Arcee Vy Linh
arcee-aiIntroduction
Arcee-VyLinh is a 3 billion parameter model designed for instruction-following, optimized for Vietnamese language understanding and generation. It utilizes an innovative training approach with evolved questions and Direct Preference Optimization, providing strong performance despite its compact size.
Architecture
- Base Model: Qwen2.5-3B
- Parameters: 3 billion
- Context Length: 32K tokens
- Supported Languages: English and Vietnamese, with optimization for Vietnamese
- Library: Transformers
Training
Arcee-VyLinh's training process involves several stages:
- Base Model Selection: Utilized Qwen2.5-3B.
- Hard Question Evolution: Generated 20K challenging questions using EvolKit.
- Initial Training: Developed VyLinh-SFT with supervised fine-tuning.
- Model Merging: Proprietary technique with Qwen2.5-3B-Instruct.
- DPO Training: Conducted 6 epochs of iterative DPO using ORPO-Mix-40K.
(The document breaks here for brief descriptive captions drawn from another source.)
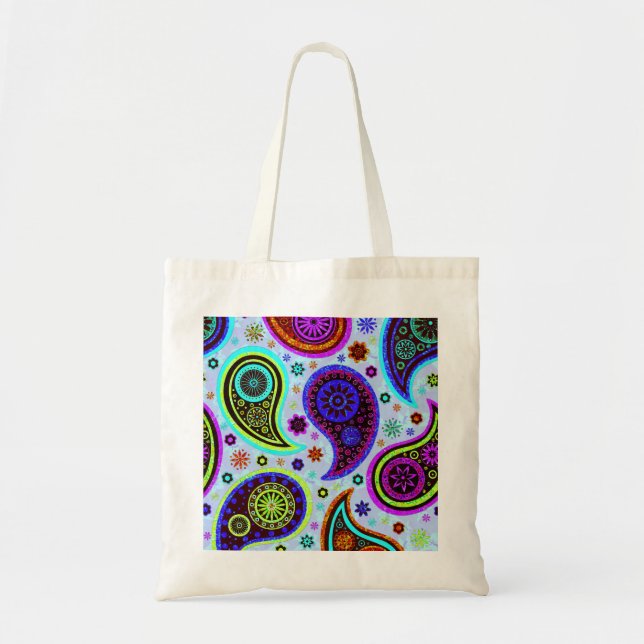 Bolso De Tela Fondo Paisley 2.0-ligero (Frente)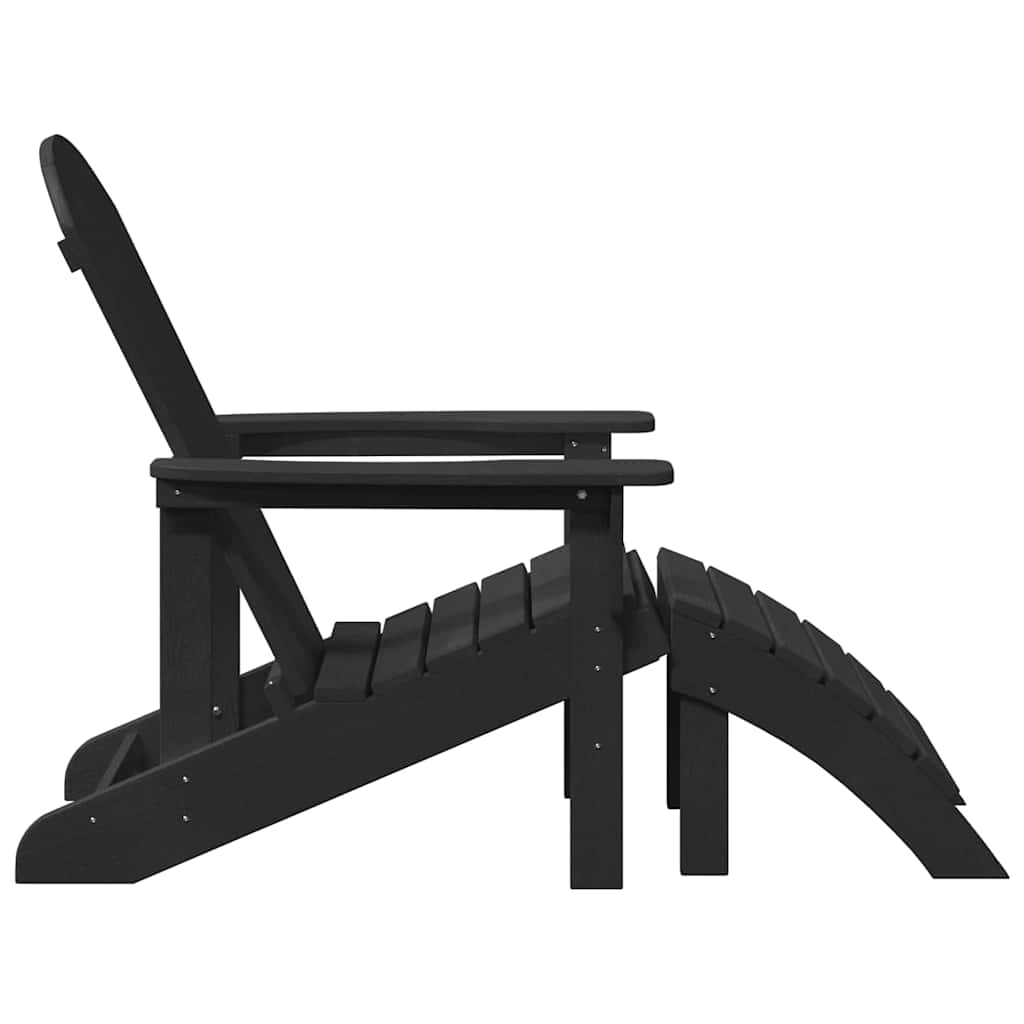 Adirondack kėdė Juoda 82 x 74 x 92 cm HDPE
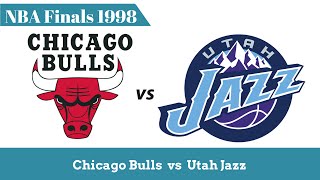 Chicago vs Utah  NBA Finals 1998  Highlights [upl. by Holms]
- Final Merge: Combined with Qwen2.5-3B-Instruct for enhanced performance.
Guide: Running Locally
To run Arcee-VyLinh locally, follow these steps:
-
Install Transformers Library
pip install transformers
-
Load the Model and Tokenizer
from transformers import AutoModelForCausalLM, AutoTokenizer model = AutoModelForCausalLM.from_pretrained("arcee-ai/Arcee-VyLinh") tokenizer = AutoTokenizer.from_pretrained("arcee-ai/Arcee-VyLinh")
-
Prepare Input and Generate Text
prompt = "Một cộng một bằng mấy?" messages = [ {"role": "system", "content": "Bạn là trợ lí hữu ích."}, {"role": "user", "content": prompt} ] text = tokenizer.apply_chat_template( messages, tokenize=False, add_generation_prompt=True ) model_inputs = tokenizer([text], return_tensors="pt").to(device) generated_ids = model.generate( model_inputs.input_ids, max_new_tokens=1024, eos_token_id=tokenizer.eos_token_id, temperature=0.25, ) response = tokenizer.batch_decode(generated_ids)[0] print(response)
-
Cloud GPUs: For optimal performance, consider using cloud-based GPU resources such as AWS or Google Cloud.
License
The specific license for Arcee-VyLinh is not mentioned in the provided documentation. Users should check the model's repository on Hugging Face for licensing details.